▶ _EXERCISE PROMPT_: Write out the entries verbatim and leave the images out of the copy.

********************

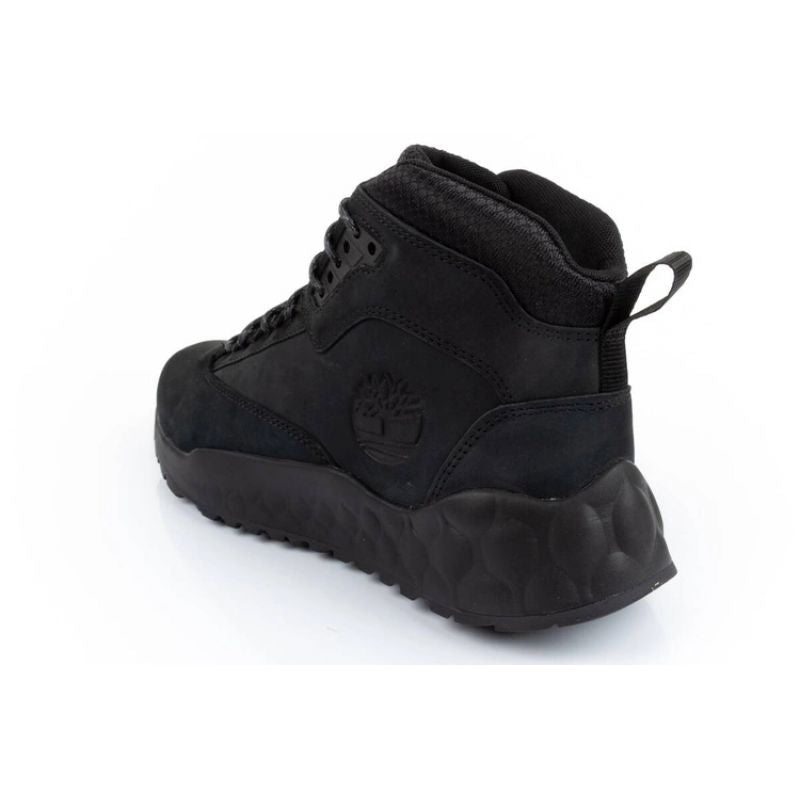 Timberland M TB0A2B9J 015 shoes Cipő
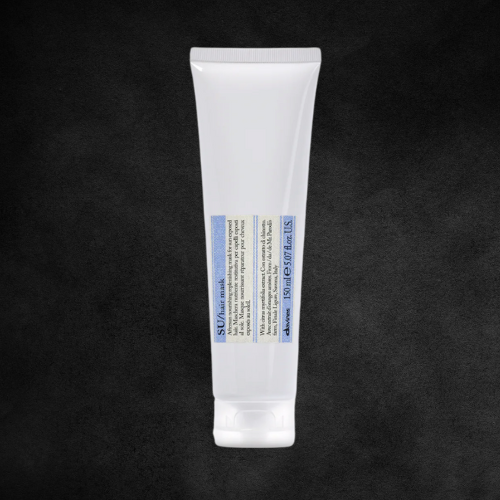 SU/HAIR MASK
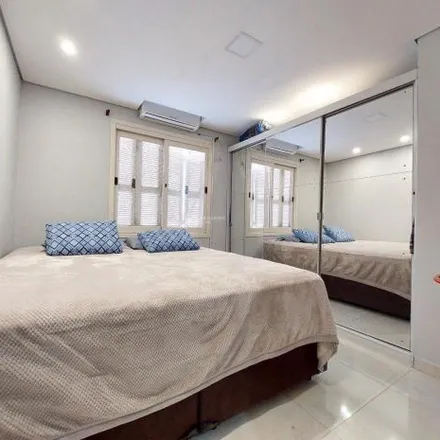 Buy this 2 bed house on Rua Grandiúva in Jardim do Bosque, Cachoeirinha - RS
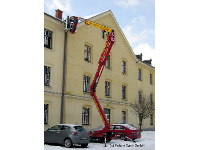 Fabbri Dach GmbH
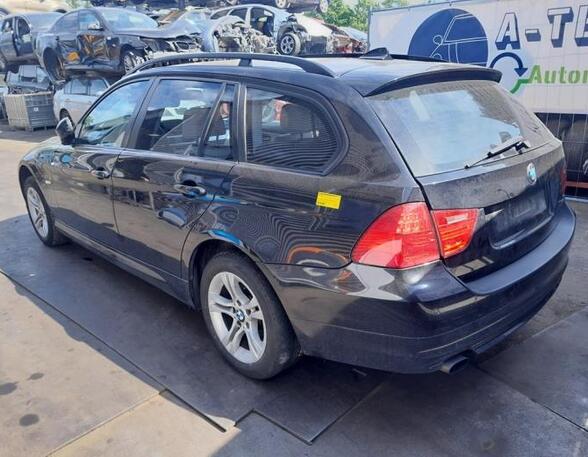 Door BMW 3er Touring (E91)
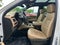 2022 Chevrolet Tahoe Premier 4WD | Pano Roof | BLIS | Max Trailering Pkg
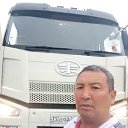  , , 52  -  9  2022    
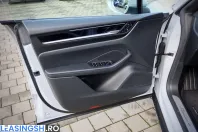 Porsche Macan din 2024 cu 5.750 km - oferta POR228447 - foto 10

********************

▶ _TASK OUTPUT_:
 Timberland M TB0A2B9J 015 shoes Cipő
 SU/HAIR MASK
 Buy this 2 bed house on Rua Grandiúva in Jardim do Bosque, Cachoeirinha - RS
 Fabbri Dach GmbH
 Door BMW 3er Touring (E91)
 2022 Chevrolet Tahoe Premier 4WD | Pano Roof | BLIS | Max Trailering Pkg
  , , 52  -  9  2022    
 Porsche Macan din 2024 cu 5.750 km - oferta POR228447 - foto 10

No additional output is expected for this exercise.